INFORMATION PROVIDED:
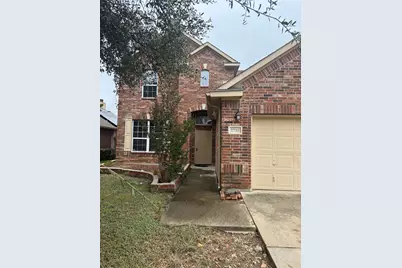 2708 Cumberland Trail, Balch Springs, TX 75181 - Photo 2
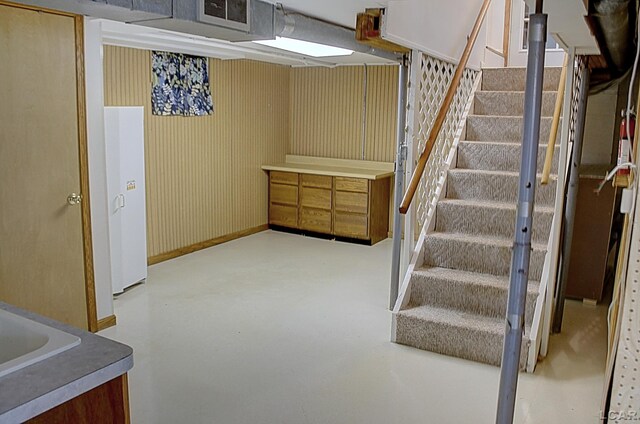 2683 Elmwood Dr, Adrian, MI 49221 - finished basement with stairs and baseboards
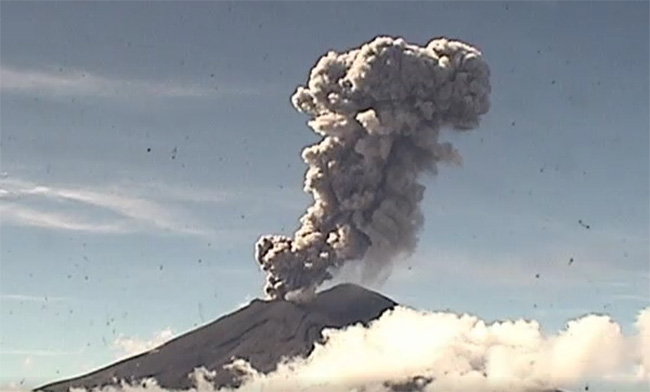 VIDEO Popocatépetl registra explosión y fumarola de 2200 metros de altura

---

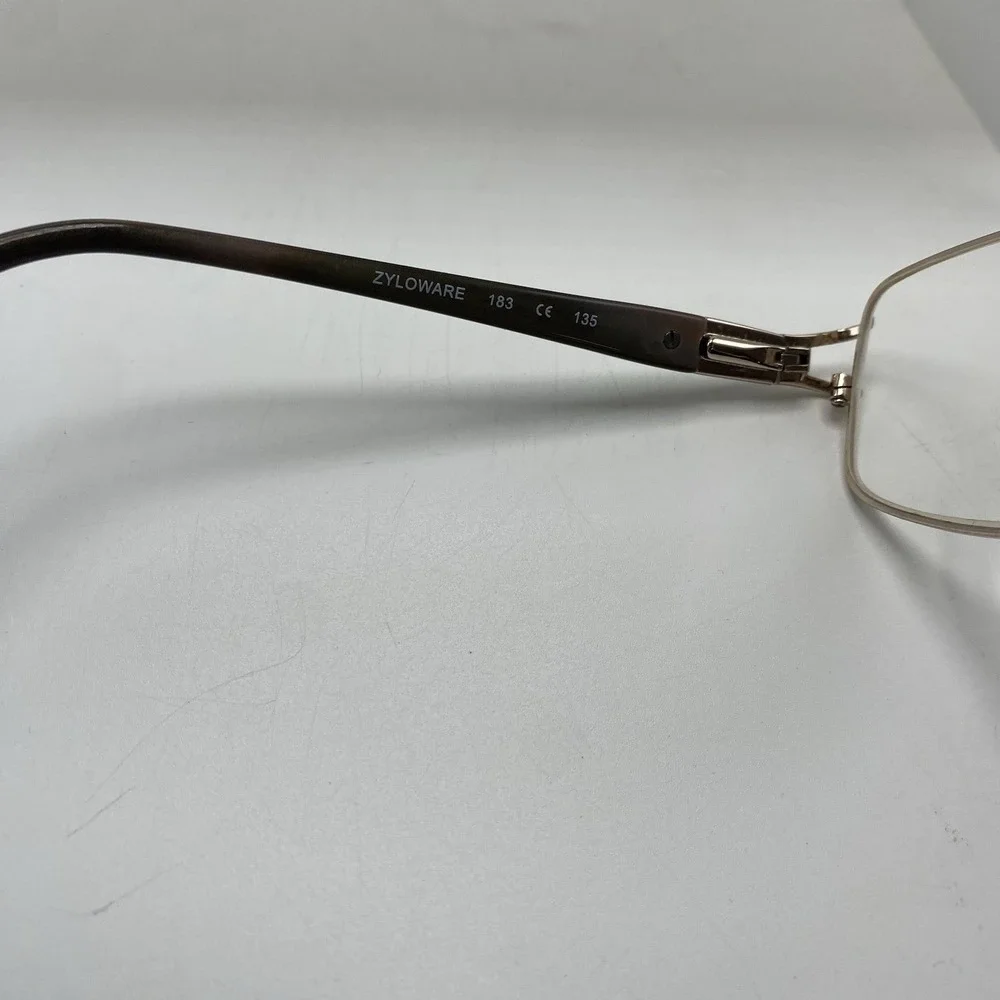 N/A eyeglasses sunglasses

ACTIVITY: Starting at the line that contains "2683 Elmwood Dr, Adrian, MI" and ending at the line that contains "VIDEO Popocatépetl registra", transcribe the material above exactly, excluding pictures.

YOUR RESPONSE:
 2683 Elmwood Dr, Adrian, MI 49221 - finished basement with stairs and baseboards
 VIDEO Popocatépetl registra explosión y fumarola de 2200 metros de altura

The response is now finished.